* WHAT YOU NEED TO DO *
When you write out the listing, keep every word as it stands and drop the pictures.

* ENTRIES PROVIDED *

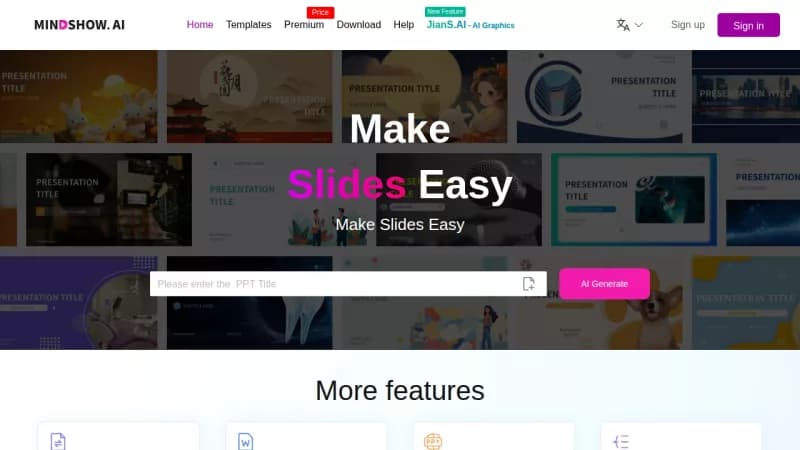 MindShow screenshot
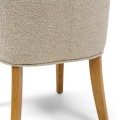 Krzesło Bridge Lane Dining Chair, Mountain Weave, Dune Sand  Riviera Maison
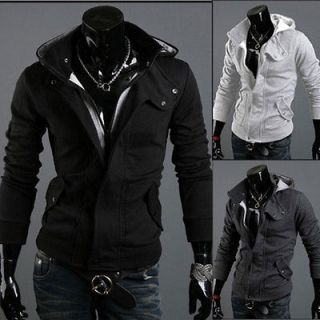 New Mens Stylish Designed Slim Fit Hoodies Jacket/Coat/Sw​eatshirt 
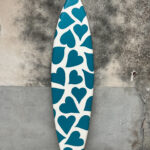 Planche blue hearts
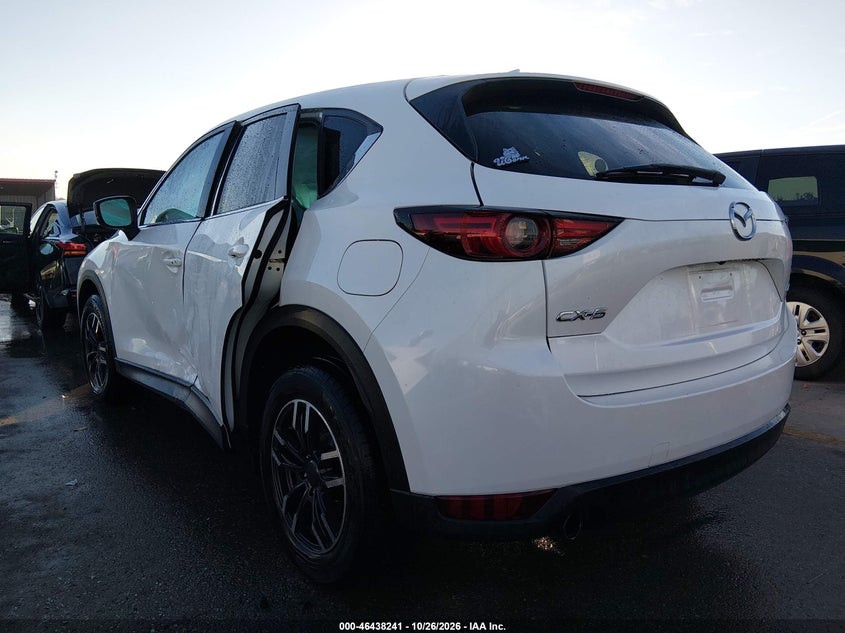 Vin: jm3kfadl3h0120072, lot: 46938607, mazda cx-5 grand touring 20173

* EXERCISE ANSWER *
 MindShow screenshot
 Krzesło Bridge Lane Dining Chair, Mountain Weave, Dune Sand  Riviera Maison
 New Mens Stylish Designed Slim Fit Hoodies Jacket/Coat/Sw​eatshirt 
 Planche blue hearts
 Vin: jm3kfadl3h0120072, lot: 46938607, mazda cx-5 grand touring 20173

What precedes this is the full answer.